Сталин взглянул на меня так, что я понял — сейчас конец. Потянулся к телефонной трубке.

— За такое знаешь что? — сказал он, не сводя с меня глаз, страшно медленно, вколачивая каждое слово, точно гвоздь. — Не знаешь? Так вот узнаешь.

Он набрал номер.

— Берию ко мне, — и швырнул трубку.

Всё! Я понял, что всё.

Воцарилась пауза. Никто не двигался. Ни Сталин, ни Хрущёв, ни я. Застыли.

В ушах стучало. Всё быстрее и быстрее.

Сталин, стиснув протянутый мною стакан так, что пальцы даже побелели, стал приближаться ко мне. Тихой, беззвучной, какой-то крадущейся походкой.

И смотрел, не отрываясь смотрел. В глазах его вспыхнули маленькие красные огоньки, как у кошки ночью.

За спиной моей тихо открылась и закрылась дверь.

Я понял, что это конец.

Залпом выпил стакан водки. В глазах пошли круги. В ушах зазвенело. Всё сильнее и сильнее.

Я упал. Стакан покатился по полу. Последнее, что я услышал сквозь всё усиливающийся звон в ушах:

— Жиденький паренёк… А я ещё на брудершафт хотел.

Больше я ничего не слышал, я умер.

-------------------

Умер-шмумер, был бы здоров.

Одна из самых одесских сентенций великого черноморского города. Тираны умерли — не все, правда, Молотовы и Кагановичи всё ещё поливают свои грядки, а может, что-то и строчат, лживое, — но главные убийцы всё же лижут в преисподней раскалённую сковородку. А я, отряхнувшись, у своих друзей, в любимой Женеве, под прошлогодней сосенкой дописываю последние страницы. Весна, март. Лопнули первые почки на каштанах. В Швейцарии это считается наступлением весны. Специальный человек следит за специальным каштаном в университетском парке, и лопнула почка, выглянул крохотный пятилапый листочек, и сразу же в газету — началось! Дописываю… Напротив меня, под берёзкой, вылезли из-под земли четыре крохотных крокуса, три лиловых, один белый. Утром только выглянули, сейчас уже распустились. И пчёлка прилетела. За работу, товарищи!

Что-то затянул я на этот раз.
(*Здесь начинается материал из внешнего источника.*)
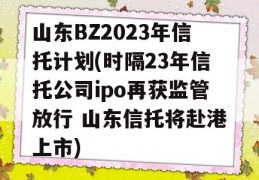 山东BZ2023年信托计划(时隔23年信托公司ipo再获监管放行 山东信托将赴港上市)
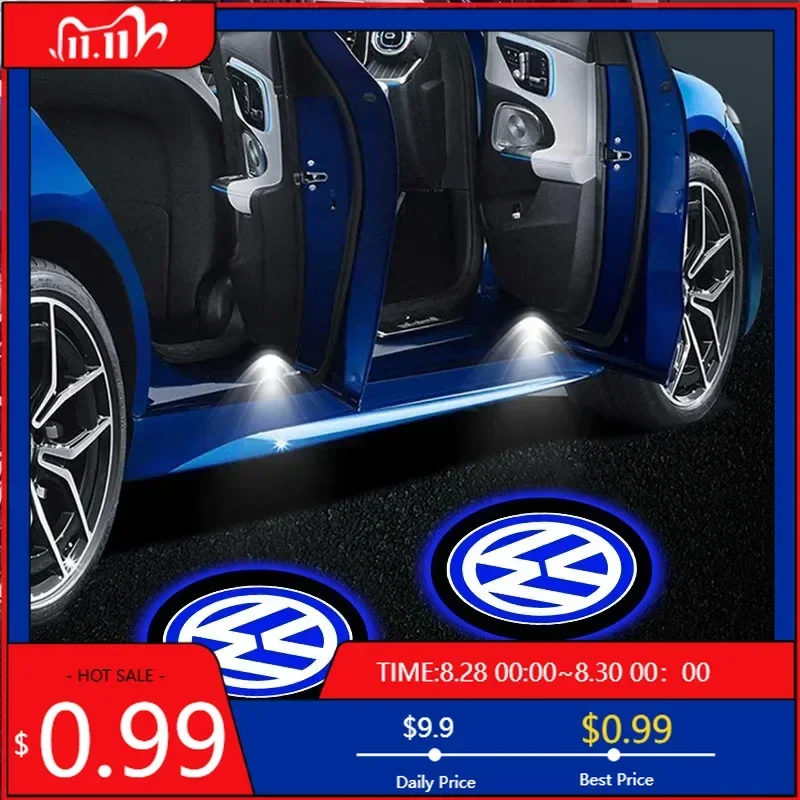 

VW GTI GOLF 2026 Hot For VW VOLKSWAGEN 2Pcs Car Door Welcome Light HD LED Projector Welcome Light For Volkswagen Polo Passat B5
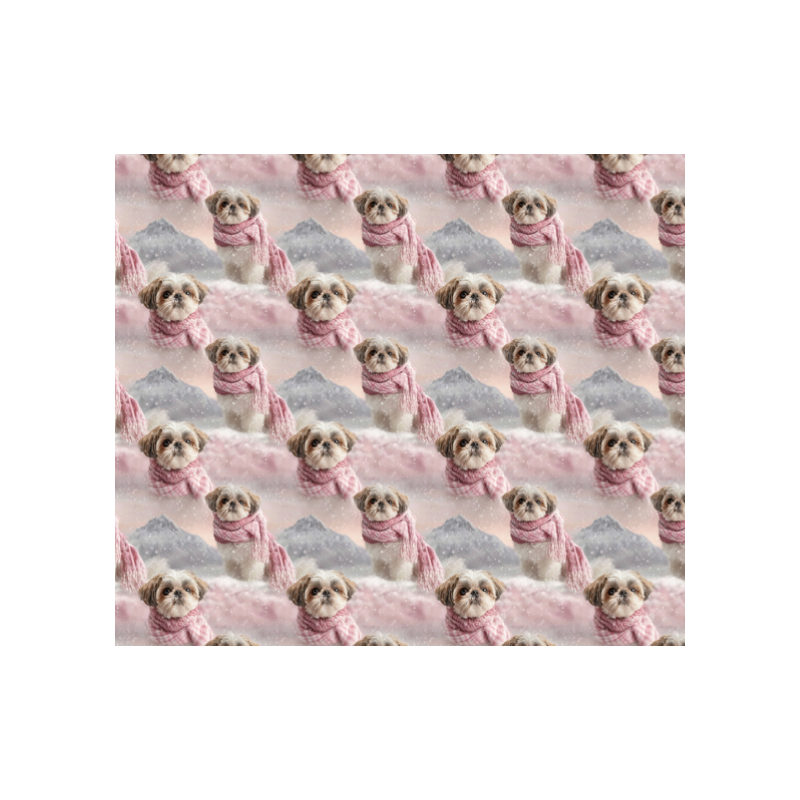 Weihnachten French Terry Sommersweat Shih Tzu Hund Schal Schnee Rosa – 240 g/m² – 145 cm – Eigenproduktion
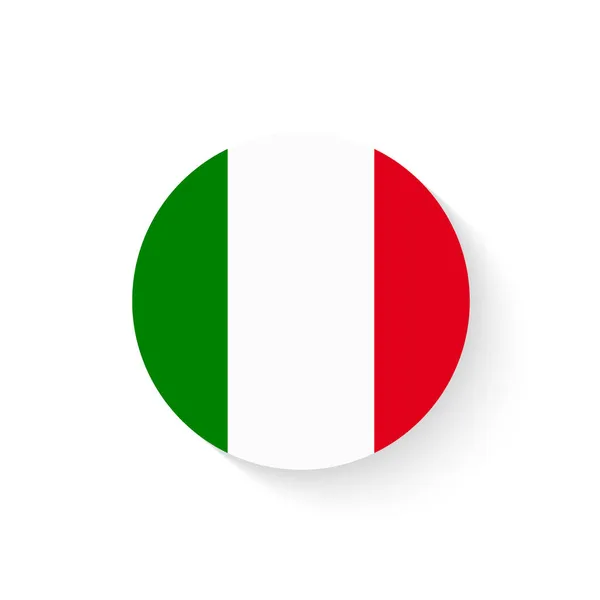 Italien Flagge Glossy Button Vektor — Stockvektor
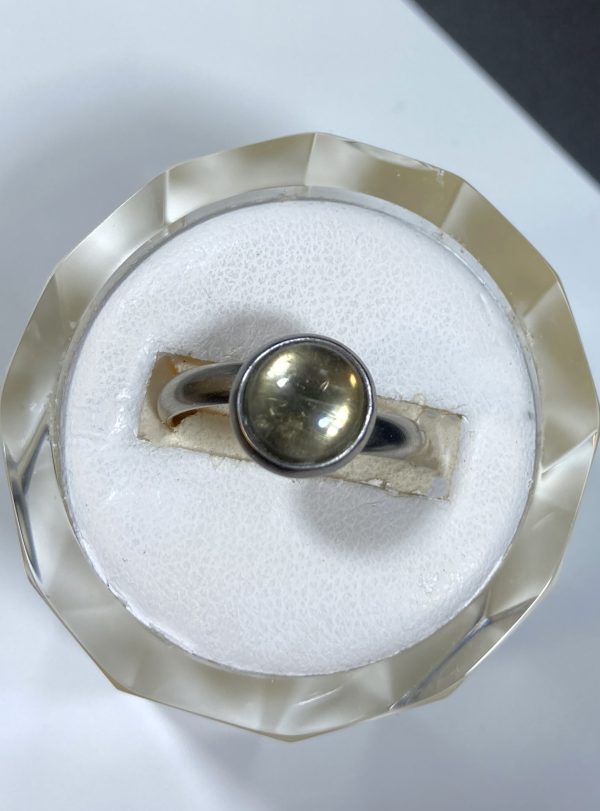 Color Change Zultanite Round Cabochon Stainless Steel Ring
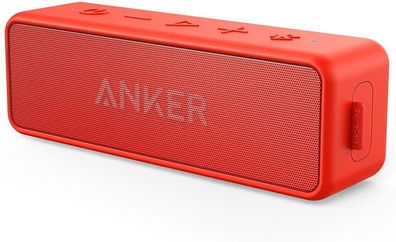 Anker SoundCore 2 Bluetooth Lautsprecher IPX5 24h Akku iPhone Android Rot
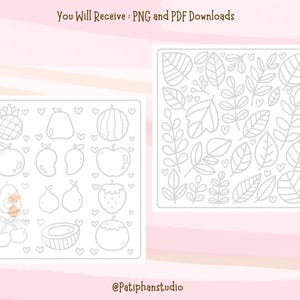 Puede incluir: Dos ilustraciones cuadradas con dibujos lineales. Una presenta varias frutas como pi&ntilde;a, sand&iacute;a y mangos. La otra muestra hojas y elementos florales. El texto "You Will Receive: PNG and PDF Downloads" est&aacute; en la parte superior y "@Patiphanstudio" en la inferior.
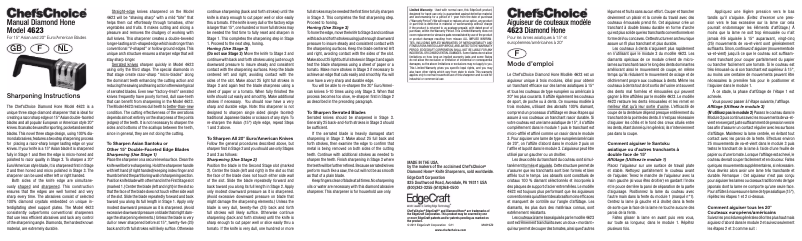 Page 1 de la notice Manuel utilisateur Chef's Choice Manual Diamond Hone CC4623
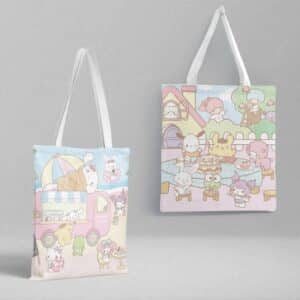 Cute Hello Kitty & Sanrio Characters Cake Party Tote Bag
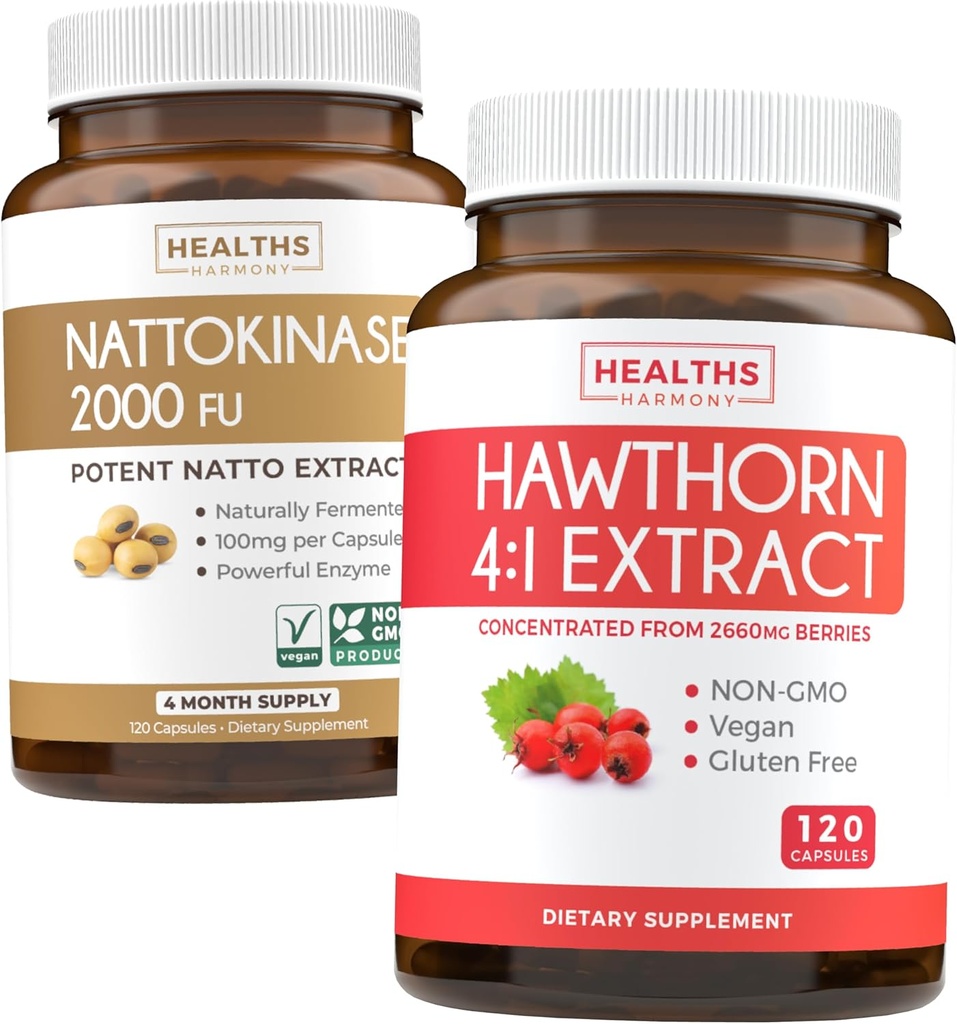 Nattokinase & Hawthorn (4- Bulan Suply) Nattokinase Berry Harmony - Nattokinase 2000 FU Kuat Fermentasi Soybeans (4- Bulan Supply) & Hawthorn Berry 4: 1 Ekstrak - Vegan dan Non-GMO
Прошли лето, осень, зима. И много событий произошло за это время. И в мире, и в моём парижском Ванве.

В магазинчике с джинсами, том самом, сделали ремонт. Заменили вывеску. «Саперлипопет» засияло свежим золотом. Помыли витрины, убрали мусор, хозяйка вымыла тротуар, опять же мылом, и я помчался к автобусу по другой стороне…

В моё кафе «Сентраль», где я по утрам пью кофе с круассаном и листаю «Фигаро», бросили бомбу. Кто — до сих пор неизвестно. Никто серьёзно не пострадал, кого-то поцарапало стеклом, хозяйку слегка контузило. Много об этом говорили, больше месяца кафе было закрыто, сейчас опять хожу, пью кофе, из «Фигаро» узнаю, что в мире по-прежнему плохо, никакого просвета. Только молодёжи хорошо. Ухаживают по-прежнему. Сын Бельмондо — за хорошенькой монакской принцессой Стефани — траур по матери, принцессе Грасс, кончился; сын Росселлини и Ингрид Бергман — за старшей, Каролин. А Альберт, наследник монакского престола, не расстаётся с дочкой Грегори Пека. (Это я всё узнаю, нет, не из «Фигаро», оно посолиднее, а из весёлой, приличными французами презираемой «Франс диманш» — я её не презираю.)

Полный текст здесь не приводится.